Bernard Lannes préside depuis le 9 décembre dernier la Coordination rurale, deuxième syndicat d’exploitants agricoles en France.

M & V: Bernard Lannes, le Salon de l’agriculture s’est tenu récemment et des responsables politiques de tous bords ont tenu à s’y montrer. Quelle est la situation de l’agriculture française aujourd’hui ?
 

Les Français éprouvent à l’égard de l’agriculture un sentiment d’amour-répulsion. La fréquentation du salon montre qu’ils lui sont viscéralement attachés, mais ils sont parallèlement influencés par un courant de pensée qui les persuade que leur assiette est empoisonnée. Les agriculteurs sont en butte à des campagnes d’opinions qui les accusent de polluer et de déverser des pesticides sur leurs champs, et ils sont considérés comme des pestiférés. Ce débat mas - que en réalité une véritable guerre commerciale: les semenciers et les fabricants des produits phytosanitaires appartiennent aux mêmes groupes et ont mis en place des variétés de plantes moins nombreuses, mais qui sont de véritables « formules 1 » et nécessitent l’emploi de ce type de produits. Si l’on cesse de les utiliser, il faudra, pour produire autant, réintroduire davantage de variétés.
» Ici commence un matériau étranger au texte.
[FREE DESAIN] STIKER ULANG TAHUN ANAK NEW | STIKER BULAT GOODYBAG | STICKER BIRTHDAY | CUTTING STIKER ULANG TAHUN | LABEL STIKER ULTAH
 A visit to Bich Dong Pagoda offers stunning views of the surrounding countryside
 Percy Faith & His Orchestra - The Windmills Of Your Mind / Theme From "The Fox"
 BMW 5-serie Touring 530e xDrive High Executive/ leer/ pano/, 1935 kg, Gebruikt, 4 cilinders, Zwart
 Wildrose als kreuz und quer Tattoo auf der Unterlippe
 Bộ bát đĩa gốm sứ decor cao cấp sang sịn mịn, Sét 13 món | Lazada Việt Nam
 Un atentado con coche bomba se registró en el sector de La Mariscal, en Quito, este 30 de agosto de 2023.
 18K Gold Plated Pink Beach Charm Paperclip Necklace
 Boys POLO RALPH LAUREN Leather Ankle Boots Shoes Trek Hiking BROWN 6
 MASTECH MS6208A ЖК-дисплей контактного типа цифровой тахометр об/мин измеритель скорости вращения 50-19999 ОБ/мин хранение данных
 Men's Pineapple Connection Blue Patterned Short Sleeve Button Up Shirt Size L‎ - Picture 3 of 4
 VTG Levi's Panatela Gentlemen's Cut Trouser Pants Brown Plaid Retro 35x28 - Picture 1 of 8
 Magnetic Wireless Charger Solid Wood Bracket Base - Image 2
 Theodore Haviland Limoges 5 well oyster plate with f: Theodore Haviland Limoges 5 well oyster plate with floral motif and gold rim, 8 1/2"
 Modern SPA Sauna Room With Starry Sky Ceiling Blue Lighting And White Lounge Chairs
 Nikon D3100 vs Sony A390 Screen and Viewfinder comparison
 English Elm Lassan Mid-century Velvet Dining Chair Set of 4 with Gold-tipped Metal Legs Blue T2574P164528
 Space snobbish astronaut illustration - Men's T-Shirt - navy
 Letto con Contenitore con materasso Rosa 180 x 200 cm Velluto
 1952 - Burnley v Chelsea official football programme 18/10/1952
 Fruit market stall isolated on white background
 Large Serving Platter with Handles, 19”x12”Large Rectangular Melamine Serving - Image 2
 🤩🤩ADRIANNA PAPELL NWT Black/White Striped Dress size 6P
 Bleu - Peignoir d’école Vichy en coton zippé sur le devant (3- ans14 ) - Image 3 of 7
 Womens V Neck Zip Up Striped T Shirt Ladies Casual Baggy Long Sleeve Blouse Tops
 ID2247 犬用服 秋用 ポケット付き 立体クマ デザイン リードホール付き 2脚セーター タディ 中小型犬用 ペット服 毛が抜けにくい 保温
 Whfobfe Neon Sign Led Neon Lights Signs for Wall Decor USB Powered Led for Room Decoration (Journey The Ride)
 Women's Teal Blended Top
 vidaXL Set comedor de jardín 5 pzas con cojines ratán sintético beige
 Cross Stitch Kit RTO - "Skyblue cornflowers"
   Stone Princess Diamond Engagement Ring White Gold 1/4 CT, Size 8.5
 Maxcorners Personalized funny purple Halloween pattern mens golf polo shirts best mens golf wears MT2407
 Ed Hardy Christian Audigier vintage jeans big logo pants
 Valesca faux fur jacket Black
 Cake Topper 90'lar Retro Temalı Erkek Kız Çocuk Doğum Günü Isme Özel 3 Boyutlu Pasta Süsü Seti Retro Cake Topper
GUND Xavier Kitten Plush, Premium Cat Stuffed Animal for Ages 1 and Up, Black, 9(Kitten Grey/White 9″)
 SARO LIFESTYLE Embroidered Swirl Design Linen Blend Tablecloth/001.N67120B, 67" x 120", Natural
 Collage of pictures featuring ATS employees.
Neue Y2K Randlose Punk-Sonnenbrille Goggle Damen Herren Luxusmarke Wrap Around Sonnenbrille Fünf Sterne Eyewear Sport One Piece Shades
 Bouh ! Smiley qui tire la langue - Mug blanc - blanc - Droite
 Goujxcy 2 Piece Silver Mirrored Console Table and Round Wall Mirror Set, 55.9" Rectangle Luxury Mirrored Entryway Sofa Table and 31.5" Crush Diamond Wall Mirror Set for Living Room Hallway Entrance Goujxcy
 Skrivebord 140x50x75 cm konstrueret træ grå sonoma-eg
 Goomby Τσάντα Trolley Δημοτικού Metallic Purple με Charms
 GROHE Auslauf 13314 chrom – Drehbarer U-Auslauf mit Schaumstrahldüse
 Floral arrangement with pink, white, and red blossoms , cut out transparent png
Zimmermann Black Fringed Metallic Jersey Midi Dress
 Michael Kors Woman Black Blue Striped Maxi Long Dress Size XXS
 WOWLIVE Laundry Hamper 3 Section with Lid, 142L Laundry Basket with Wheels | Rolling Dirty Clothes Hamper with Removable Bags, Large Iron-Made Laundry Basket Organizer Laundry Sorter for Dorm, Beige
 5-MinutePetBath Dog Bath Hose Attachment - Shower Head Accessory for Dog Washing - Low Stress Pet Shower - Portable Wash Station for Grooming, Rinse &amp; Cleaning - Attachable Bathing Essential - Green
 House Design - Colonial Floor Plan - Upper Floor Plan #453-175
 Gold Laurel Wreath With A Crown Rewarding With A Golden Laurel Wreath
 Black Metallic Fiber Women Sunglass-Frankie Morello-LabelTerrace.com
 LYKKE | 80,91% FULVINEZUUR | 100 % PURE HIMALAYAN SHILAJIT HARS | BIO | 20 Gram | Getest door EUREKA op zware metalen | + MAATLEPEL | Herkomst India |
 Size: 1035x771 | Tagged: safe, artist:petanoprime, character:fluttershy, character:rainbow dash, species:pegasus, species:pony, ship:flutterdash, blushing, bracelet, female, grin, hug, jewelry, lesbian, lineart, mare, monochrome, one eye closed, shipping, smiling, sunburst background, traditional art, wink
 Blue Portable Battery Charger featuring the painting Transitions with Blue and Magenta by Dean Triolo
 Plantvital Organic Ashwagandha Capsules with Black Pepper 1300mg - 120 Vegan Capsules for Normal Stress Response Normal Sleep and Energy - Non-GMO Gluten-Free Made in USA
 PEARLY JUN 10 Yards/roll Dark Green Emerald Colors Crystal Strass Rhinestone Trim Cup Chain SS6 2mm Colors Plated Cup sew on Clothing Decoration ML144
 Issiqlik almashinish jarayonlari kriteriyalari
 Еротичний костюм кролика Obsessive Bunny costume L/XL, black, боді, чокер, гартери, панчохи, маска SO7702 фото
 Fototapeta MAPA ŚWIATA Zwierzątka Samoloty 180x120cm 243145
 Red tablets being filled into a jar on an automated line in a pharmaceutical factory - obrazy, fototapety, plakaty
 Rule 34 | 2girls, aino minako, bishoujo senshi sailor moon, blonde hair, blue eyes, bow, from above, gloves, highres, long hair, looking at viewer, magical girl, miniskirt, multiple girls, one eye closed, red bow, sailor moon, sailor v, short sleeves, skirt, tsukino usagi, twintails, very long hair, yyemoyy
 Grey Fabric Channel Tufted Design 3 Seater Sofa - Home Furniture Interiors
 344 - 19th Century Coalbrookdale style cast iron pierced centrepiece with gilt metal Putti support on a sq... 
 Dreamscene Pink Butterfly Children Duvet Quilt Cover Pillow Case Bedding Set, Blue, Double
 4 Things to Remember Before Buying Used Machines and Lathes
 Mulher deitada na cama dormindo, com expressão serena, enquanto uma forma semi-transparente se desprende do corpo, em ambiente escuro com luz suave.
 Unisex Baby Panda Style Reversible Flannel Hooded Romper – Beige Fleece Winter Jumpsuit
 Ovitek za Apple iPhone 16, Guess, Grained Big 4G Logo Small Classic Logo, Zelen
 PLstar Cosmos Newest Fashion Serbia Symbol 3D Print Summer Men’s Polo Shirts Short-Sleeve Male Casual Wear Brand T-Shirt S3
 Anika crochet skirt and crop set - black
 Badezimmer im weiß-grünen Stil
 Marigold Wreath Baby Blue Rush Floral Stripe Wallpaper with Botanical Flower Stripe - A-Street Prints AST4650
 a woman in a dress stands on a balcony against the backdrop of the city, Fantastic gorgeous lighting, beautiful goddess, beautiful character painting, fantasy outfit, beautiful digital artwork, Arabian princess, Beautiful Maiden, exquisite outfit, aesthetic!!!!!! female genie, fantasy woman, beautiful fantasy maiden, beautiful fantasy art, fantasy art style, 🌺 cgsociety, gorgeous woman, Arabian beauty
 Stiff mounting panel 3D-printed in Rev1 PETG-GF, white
Est-il indispensable de produire autant ?
 

Oui, car nous consommons plus que nous ne produisons et risquons d’être bientôt confrontés à une pénurie alimentaire planétaire. Voilà cinq ans, on estimait que 250000 personnes mouraient de faim – ou de malnutrition – chaque jour dans le monde ; aujourd’hui, on approche du million. La courbe du stock d’alimentation à l’échelle mondiale est descendue à 60 jours, alors que la FAO (l’Organisation des Nations unies pour l’alimentation et l’agriculture, ndlr) fixe la limite de sécurité à 110 jours. La spéculation en joue et aggrave ce phénomène.

Par quels mécanismes ?
 

90 % de la production sont consommés sur les aires géographiques de production. Le marché mondial est un marché d’excédents qui porte sur les 10 % restants. Or on se fixe, pour établir les prix, sur ce cours mondial qui ne signifie rien et l’on a supprimé les instruments de régulation. Voilà encore dix ans, en cas de surproduction, l’Etat intervenait en achetant à l’agriculteur sa production à un prix rémunérateur, stockait ces produits dans des greniers et attendait une année de manque pour les revendre. Ce mécanisme a longtemps permis d’ajuster la production au marché. Or, aujourd’hui, en Europe, on ne finance plus les stocks et l’on vit au jour le jour. Les spécu lateurs en profitent d’autant plus qu’il suffit de 2 % de surproduction ou de sous-production pour que les prix s’écroulent ou flambent. Il est indispensable de réguler les échanges agricoles à l’échelle mondiale et de partager les richesses. Ainsi, sur la viande – secteur en difficulté –, des accords avaient été passés voilà deux ans avec le Mercosur, autrement dit les pays d’Amérique du Sud: l’Europe avait importé 700000 tonnes de viande. C’est le principe de l’écluse: chacun ne prend que ce dont il a besoin, afin d’éviter de saturer le marché.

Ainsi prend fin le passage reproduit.